I am not going to enumerate the few problems I run into, b/c judging by the release schedule and the amount of contributors, activity and attention this project gets, my issues will be solved in no time. Also the main things I rely on are coming from the Eclipse foundation, they are stable and proved projects. All I can say is that after I installed the java extension, there was absolutely no feature I was missing in an IDE. Here is what I tried/needed.
- open/setup maven project
- clean/build/test maven project
- run/debug independent Junit test
- format file
- run/debug war file on Tomcat
- auto reload jsp code on Tomcat
- InteliSense with all features: code completion, see java doc, jump to, etc
- built in bash terminal
- jump to current file in tree panel
- diff file(s) to HEAD or to other branches
- quickly search and jump to files in project
- highlighting of syntax error in the editor
- code refactoring assistance
- auto import
- generate code (java bean getters/setters)

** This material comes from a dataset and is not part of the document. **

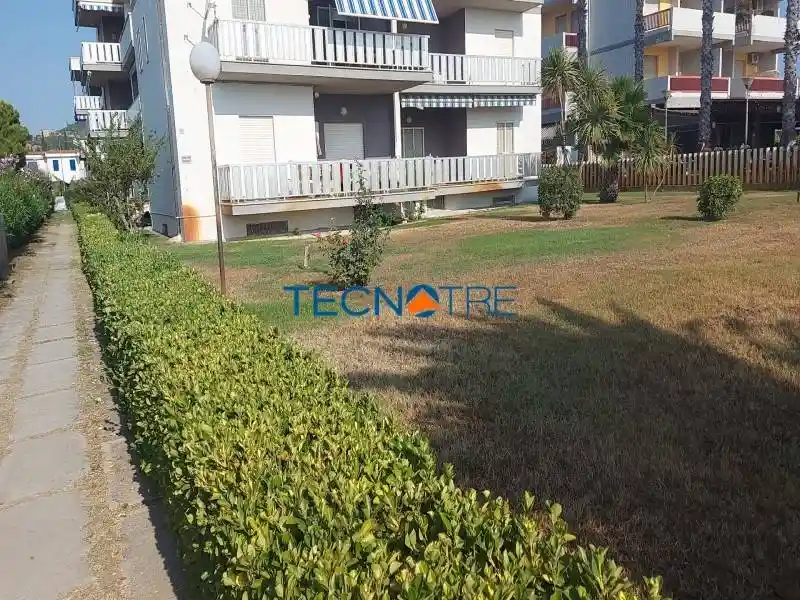 Trilocale Lungomare Italia 6, Villa Rosa, Martinsicuro - foto 4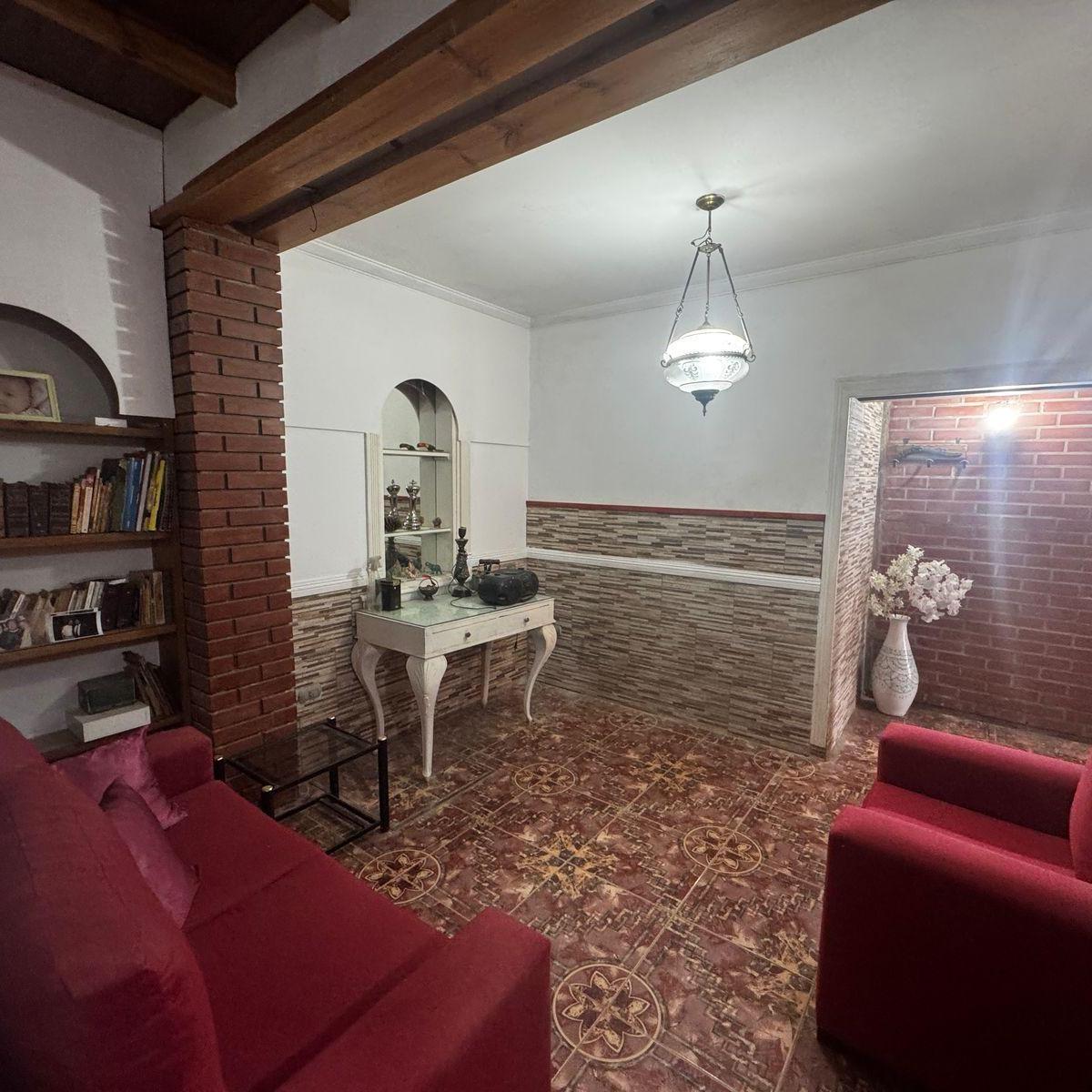 Casa 3 ambientes con local en pleno centro comercial de liniers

- problems panel: where I can see my annotated TODO/FIXME + other potential problems

Conclusion. Although this IDE is relative new (about 3 years old), I feel like for me it’s the most suitable IDE I have ever tried. It seemed like it was designed for ease of use, with a minimalist default setup. It has about the right amount of features and it has the 21st century look and feel. It is not there yet, but I will be coming back on each one of the new releases, until I will fully adopt it as my main IDE.